Governor Rotimi Akeredolu of Ondo State had recently given a seven-day ultimatum to Fulani herdsmen in the forests in the state to leave. He vowed to flush out the herders who have been accused of perpetrating all sorts of heinous crimes in the state.
However, the Governor later rescinded the eviction order after the South West Governors met and decided on banning open grazing in the region.
But a popular Yoruba activist, Sunday Igboho rose up with a seven-day ultimatum to the Fulani community in Igangan, a town in Ibarapa Local Government Area of Oyo State to vacate the area.

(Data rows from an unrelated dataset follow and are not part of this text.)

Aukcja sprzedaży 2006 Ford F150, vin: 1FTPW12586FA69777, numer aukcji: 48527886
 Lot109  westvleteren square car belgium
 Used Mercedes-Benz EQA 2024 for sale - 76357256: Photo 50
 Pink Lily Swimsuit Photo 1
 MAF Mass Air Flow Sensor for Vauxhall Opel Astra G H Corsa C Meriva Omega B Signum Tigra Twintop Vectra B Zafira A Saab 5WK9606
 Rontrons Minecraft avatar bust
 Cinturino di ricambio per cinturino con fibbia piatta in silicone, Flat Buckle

He made good his threat to evict the Fulani while gathering hundreds of his supporters, he stormed Igangan and confronted the Seriki Fulani.
NigerianEye reported during the week that Sunday Igboho, also stormed troubled areas in Yewaland, Ogun State, in continuation of his anti – killer herdsmen battle in Yorubaland.
He had vowed that all killer-herdsmen will be evicted from all parts of Yoruba land.
Igboho stormed the state after the residents of Yewa, Abeokuta North, Odeda and some parts of Ijebu decried what they termed the inability of the Abiodun-led government to tame the killer herdsmen.
However, the Governor of Ogun State, Dapo Abiodun said his government did not seek the help of Igboho to tackle insecurity caused by the activities of suspected Fulani herdsmen in the state.